Chris Cole

No. 84
- Position: Wide receiver

Personal information
- Born: October 12, 1977 (age 48) Orange, Texas, U.S.

Career information
- High school: West Orange-Stark (Orange, Texas)
- College: Texas A&M
- NFL draft: 2000: 3rd round, 70th overall pick

Career history
- Denver Broncos (2000–2003); Oakland Raiders (2004)*; Jacksonville Jaguars (2005)*; Edmonton Eskimos (2006); Los Angeles Avengers (2006–2007); Toronto Argonauts (2008);
- * Offseason and/or practice squad member only

Career NFL statistics
- Receptions: 12
- Receiving yards: 164
- Touchdowns: 0
- Stats at Pro Football Reference

= Chris Cole (wide receiver) =

American gridiron football player (born 1977)

Chris Cole (born October 12, 1977) is an American former professional football player who was a wide receiver for the Denver Broncos of the National Football League (NFL).

== Early life ==
Cole was a standout athlete at West Orange-Stark High School in Orange, Texas. In 1995, his senior season, he caught 53 passes for 860 yards and 14 touchdowns, helping lead his team to the Texas Class 4A State Football regional finals. Cole was also a member of the school's track and field team, and qualified for the Texas State Track and Field Championships in long jump and triple jump.

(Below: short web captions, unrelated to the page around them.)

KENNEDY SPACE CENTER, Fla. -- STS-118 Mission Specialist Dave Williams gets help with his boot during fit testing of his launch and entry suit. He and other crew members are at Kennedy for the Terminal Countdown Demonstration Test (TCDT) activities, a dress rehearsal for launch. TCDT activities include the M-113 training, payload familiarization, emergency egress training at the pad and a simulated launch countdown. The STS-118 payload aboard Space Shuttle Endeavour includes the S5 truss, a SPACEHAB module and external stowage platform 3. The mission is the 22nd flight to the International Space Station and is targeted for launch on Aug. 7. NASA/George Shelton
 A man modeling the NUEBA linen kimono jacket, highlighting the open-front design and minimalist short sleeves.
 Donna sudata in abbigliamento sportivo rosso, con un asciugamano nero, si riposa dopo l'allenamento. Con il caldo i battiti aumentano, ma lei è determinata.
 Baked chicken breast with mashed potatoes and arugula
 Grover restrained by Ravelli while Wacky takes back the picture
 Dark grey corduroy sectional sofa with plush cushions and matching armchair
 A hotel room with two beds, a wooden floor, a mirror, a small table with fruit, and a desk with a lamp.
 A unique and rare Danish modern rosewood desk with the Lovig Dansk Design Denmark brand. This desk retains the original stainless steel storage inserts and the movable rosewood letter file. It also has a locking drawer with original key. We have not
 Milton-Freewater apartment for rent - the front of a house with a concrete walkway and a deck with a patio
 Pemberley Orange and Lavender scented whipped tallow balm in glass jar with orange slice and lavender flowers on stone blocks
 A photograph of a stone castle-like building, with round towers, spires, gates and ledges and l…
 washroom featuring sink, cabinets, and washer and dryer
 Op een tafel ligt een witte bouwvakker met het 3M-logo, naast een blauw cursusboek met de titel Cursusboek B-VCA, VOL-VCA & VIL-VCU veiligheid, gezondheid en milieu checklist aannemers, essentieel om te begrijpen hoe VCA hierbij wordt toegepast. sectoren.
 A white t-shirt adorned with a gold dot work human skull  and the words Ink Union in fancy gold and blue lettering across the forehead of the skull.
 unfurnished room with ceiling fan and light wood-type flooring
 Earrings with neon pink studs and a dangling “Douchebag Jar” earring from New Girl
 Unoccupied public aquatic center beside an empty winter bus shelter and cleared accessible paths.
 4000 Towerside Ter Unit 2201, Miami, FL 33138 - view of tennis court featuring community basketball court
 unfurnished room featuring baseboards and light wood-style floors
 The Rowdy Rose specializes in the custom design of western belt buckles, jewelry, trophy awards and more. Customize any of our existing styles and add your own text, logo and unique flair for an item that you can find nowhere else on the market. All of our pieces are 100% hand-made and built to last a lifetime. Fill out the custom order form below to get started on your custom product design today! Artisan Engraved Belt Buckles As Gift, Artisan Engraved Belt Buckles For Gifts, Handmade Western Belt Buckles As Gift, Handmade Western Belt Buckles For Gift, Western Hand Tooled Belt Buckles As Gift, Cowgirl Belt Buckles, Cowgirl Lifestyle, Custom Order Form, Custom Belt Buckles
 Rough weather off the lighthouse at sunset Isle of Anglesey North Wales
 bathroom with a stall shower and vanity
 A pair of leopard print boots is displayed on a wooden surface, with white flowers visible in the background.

Cole was recruited by R. C. Slocum to play wide receiver for Texas A&M University. He lettered all four years that he played football for the Aggies (1996–1999). His 89 career receptions still rank at No. 10 on the school's all-time list. His most productive season came as a junior in 1998, when he led the Aggies in catches (38), receiving yards (667) and touchdowns (five). He totaled 89 passes caught for 1,383 yards and 8 touchdowns.

== Professional career ==
Cole was selected by the Denver Broncos in the third round of the 2000 NFL draft, as the 70th pick overall. He played four seasons for the Broncos, with his best season coming in 2001. That year, he played in all 16 of the Broncos' games, logging 9 receptions for 128 yards. His 48 kickoff returns that season tied the all-time single-season Broncos record, and he ranked third in the AFC with a 23.5-yd average. In 2002, missed the entire regular season after dislocating his wrist in the preseason. He returned in 2003 primarily on kick returns.

On April 7, 2004, Cole signed with the Oakland Raiders as a free agent, but did not make the team's regular-season roster. In 2005, Cole spent the offseason and preseason with the Jacksonville Jaguars, who released him on August 30, 2005.

In all, Cole played 35 games in the NFL, starting 2. He caught 12 passes for 164 yards, returned 89 kickoffs for a total of 2,105 yards, and made 17 tackles while playing on special teams.

In May 2006, Cole signed with the Canadian Football League's Edmonton Eskimos. He was released shortly thereafter, and in November he signed a one-year free agent contract with the Arena Football League's Los Angeles Avengers. On April 1, 2008, Cole signed with the CFL's Toronto Argonauts.

== Personal life ==
After football, he returned to Texas A&M University to pursue his degree in sociology. In March 2002, Cole's first child was born, Makenna Turner. She is currently a student at Stanford University, having won many awards as a black female in STEM.